В том же 2004-м он вместе со своей группой «Сакмаров-бэнд» запишет дебютный альбом «Живой самолет», а в 2006-м – еще один диск, «Шелкопряд».
Что ему предстоит, начиная с 1989 года, много лет играть в группе «Аквариум».
Что он будет в 1990 году вместе с А. Титовым, С. Щураковым, П. Акимовым, А. Раценом и М. Васильевым принимать участие в записи и заниматься аранжировками дебютного альбома группы «Колибри» «Манера поведения».
И играть в группах «Наутилус Помпилиус», «Ю-Питер», «Выход», «Клуб кавалера Глюка», и выступать, и записываться вместе с Марком Алмондом.
И что настанет время, когда он перестанет работать в знаменитых отечественных рок-командах и создаст новую, свою группу.

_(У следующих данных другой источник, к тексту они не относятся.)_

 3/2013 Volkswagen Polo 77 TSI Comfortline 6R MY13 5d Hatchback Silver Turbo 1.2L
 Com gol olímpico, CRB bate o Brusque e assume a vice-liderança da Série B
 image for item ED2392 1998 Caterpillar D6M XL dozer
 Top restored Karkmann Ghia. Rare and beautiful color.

Нет, ничего этого и еще многого-многого другого, удивительного, необычного и круто выходящего за привычные жизненные грани О. Сакмаров тогда еще не знал, и даже не мог подумать о том, что все это ему еще предстоит узнать в будущем.

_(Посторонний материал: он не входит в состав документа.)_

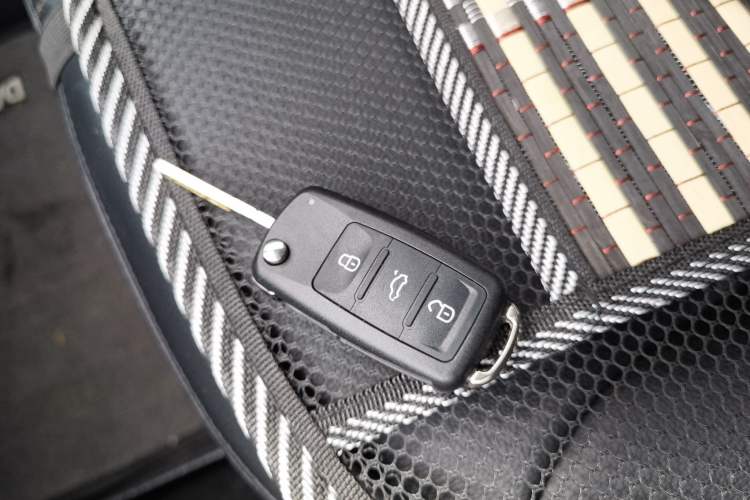 Used Volkswagen Polo 2013 1.4L Manual Fashion Edition Vehicle Key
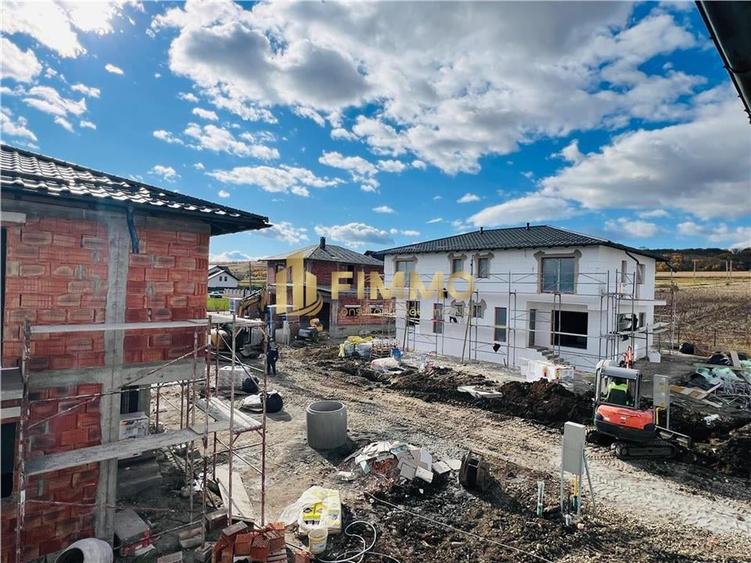 Duplex cu 4 camere cu Canalizare în Ipotești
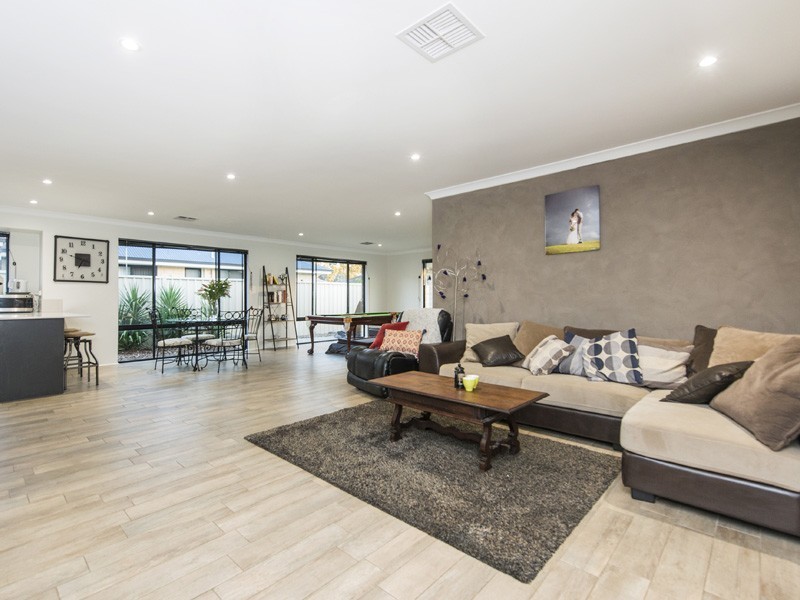7 Maida Vale Road, Maida Vale WA 6057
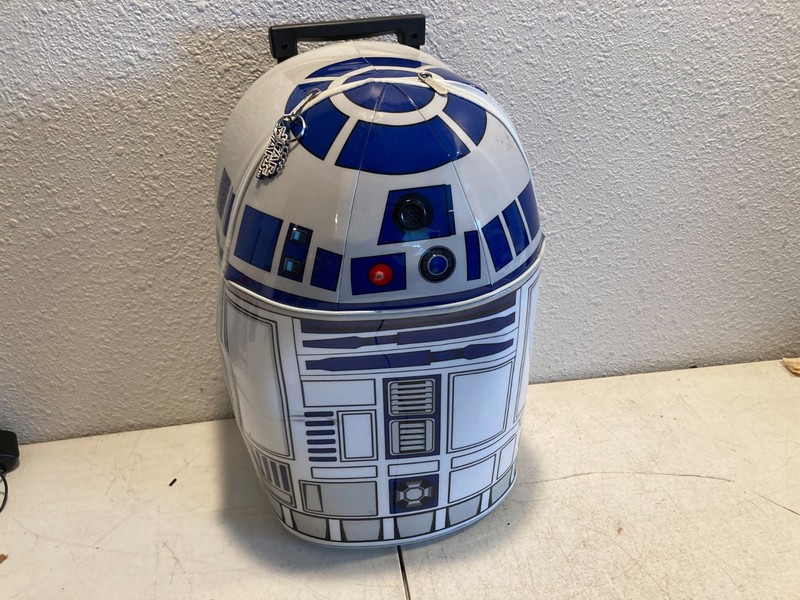 RARE Disney Store Star Wars R2D2 Rolling Suitcase Luggage
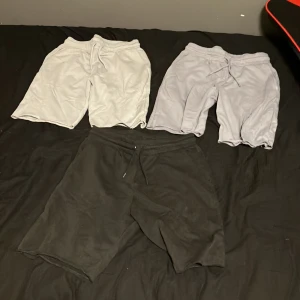 3 pack mjukishorts - 3 par Mjukisshorts från hm  Storlek 158/164 Ni får alla för 79kr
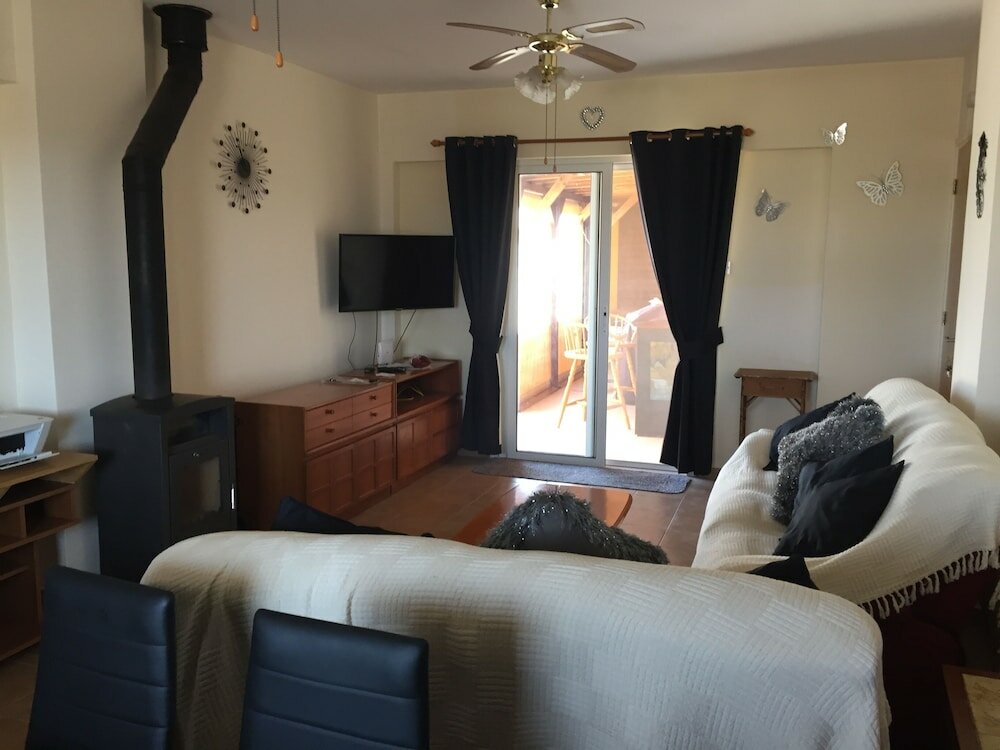 Фото Beautiful Spacious 2-bed Apartment in Xylofagou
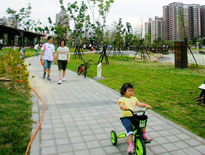 在高雄市，每人平均享有綠地5.03公頃，比台北市民多了將近一倍。(攝影/蕭夙茗)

Наверное, можно по-разному оценивать новый виток сегодняшней деятельности знаменитого музыканта и его результаты. Да, наверное. Но как бы там ни было, гораздо важнее, что Олег, в самый полный рост пройдя сквозь рок-н-ролльные огонь, воду и медные трубы и будучи не таким уж молодым человеком, решился на безусловный творческий риск, стал самостоятельным артистом и сочиняет и исполняет теперь не чужие, а свои собственные песни.

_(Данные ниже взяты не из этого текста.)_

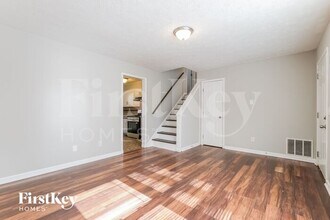 680 Springhollow Ln SW in Marietta, GA - Building Photo - Building Photo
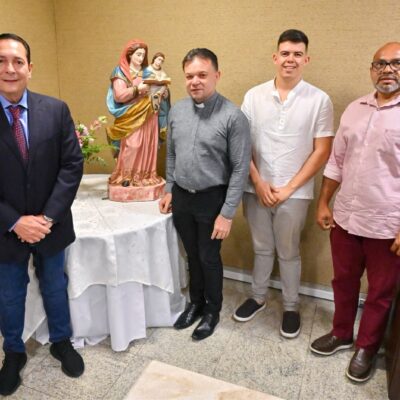 Imagem peregrina de Sant’Ana faz tradicional visita à Assembleia Legislativa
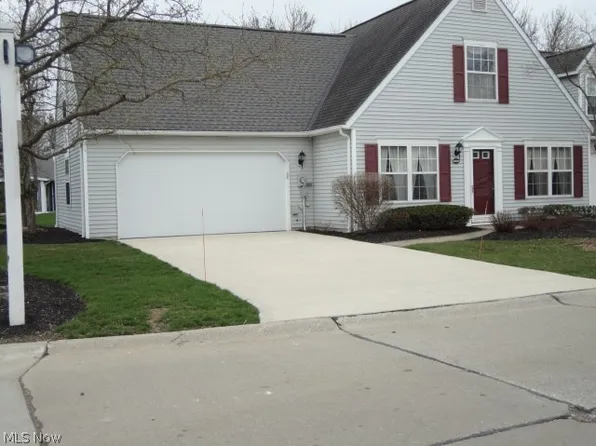 24690 Thicket Ln #32, Olmsted Falls, OH 44138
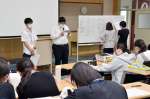新聞記事の概要や自らの主張を発表する学生＝６月２５日、鹿児島市の鹿児島医療福祉専門学校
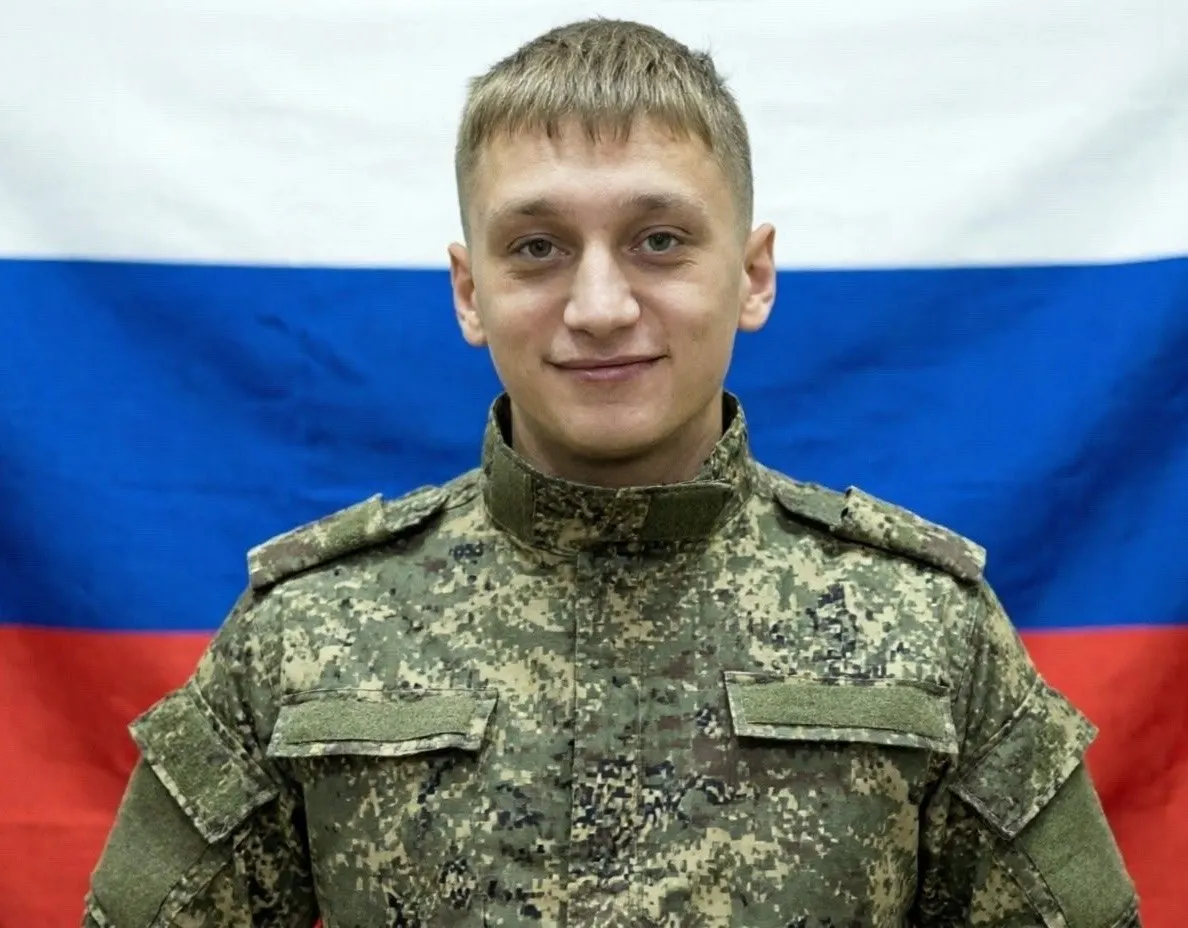 23‑летний студент из Бурятии подписал контракт на службу в войска БПЛА в январе и погиб под Луганском через три месяца — его смерть считается первым подтверждённым случаем среди студентов, призванных по новой кампании вербовки.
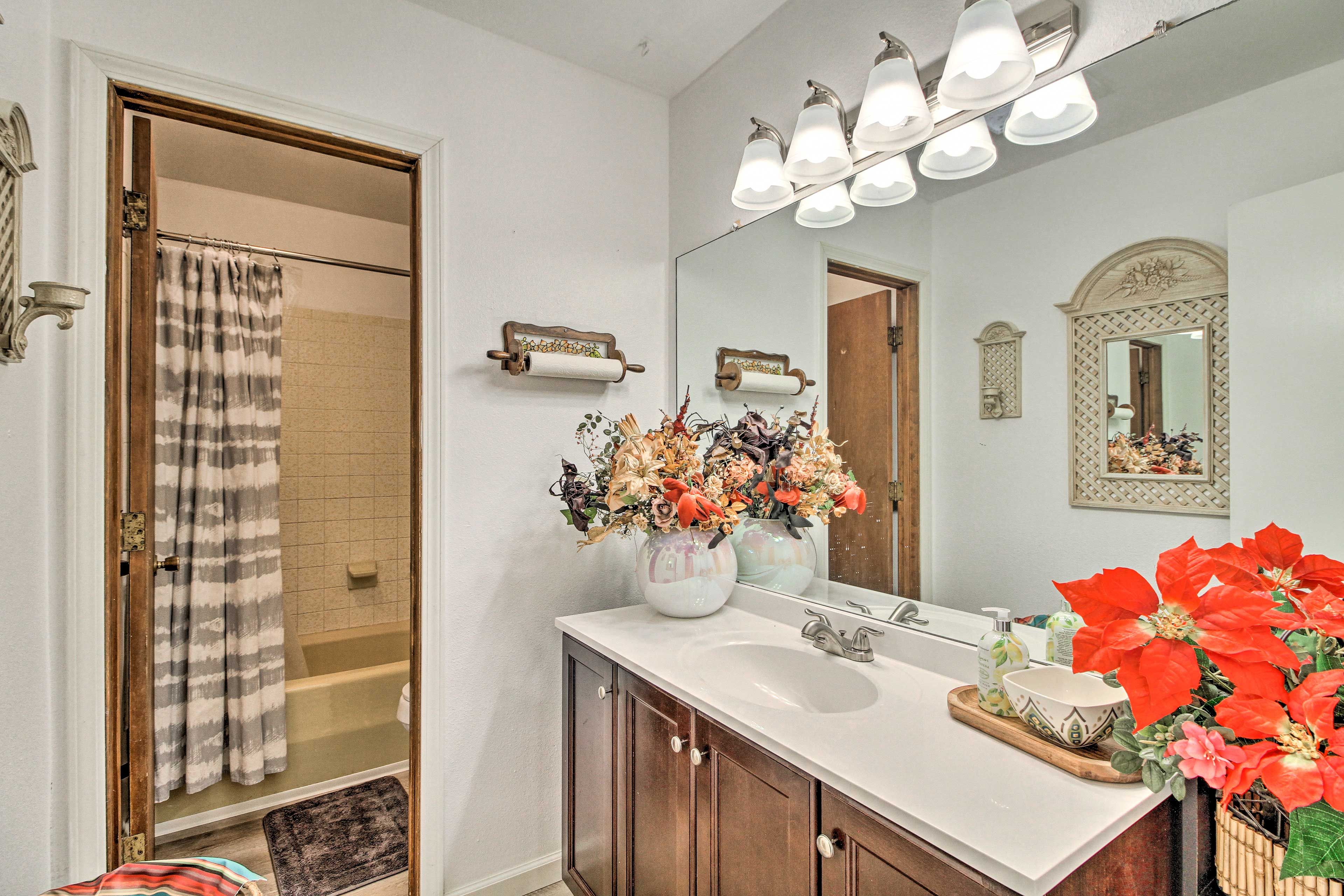 Full Bathroom | Hair Dryers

Быть самим собой – разве не этому, в первую очередь, учит нас музыка рок?

Охота на большого тигра

– Давай в самом начале нашего разговора коснемся любопытного сюжета, связанного с твоей музыкой в одном американском фильме.
– Сюжет интересный в целом. В 1998 году мы с И. Кормильцевым записали альбом «Чужие». Мы около года сочиняли и записывали этакий электронный мрачный трип-хоп. Потом этот альбом был выпущен Кормильцевым в его редакции в Москве под названием «Подполье», а я свой вариант долго не мог никуда пристроить, раздавал копии всем друзьям… Один из них – известный в Америке художник – все-таки выпустил мой вариант под названием «Химический ангел» в 2001 году, издал красиво, но без излишних формальностей, окончательных договоренностей и подписей. Товарища звали Дима Стрижов, а его маленький нью-йоркский лейбл назывался «Proforma Records». О появлении «Химического ангела» я узнал только через год после его появления, когда Стрижов мне прислал штук пятьдесят дисков – и ничего более… Ни тиража, который можно было бы использовать в России, ни самого минимального гонорара. Я огорчился, думал, что альбом канул в вечность… Но совершенно неожиданно эта история получила продолжение: год назад я включил телевизор и увидел какой-то боевик. Параллельно звучал мой голос, песня из этого альбома, которая называется «Сomedown» (она на русском языке). Я долго думал о том, что же это такое, по радио, что ли, песню крутят? А потом понял, что песня звучит в фильме, посмотрел телепрограмму и узнал, что показывается боевик Жан-Клода ван Дамма, который в русском прокате называется «В аду». Вот такая любопытная история. Вдруг я понял, что стал голливудским композитором. Фильм этот прошел по всему миру, очень, кстати, мрачный фильм про русскую тюрьму, да и песня мрачная, такая электронная декламация, но очень все-таки радостно, что эта музыка была услышана…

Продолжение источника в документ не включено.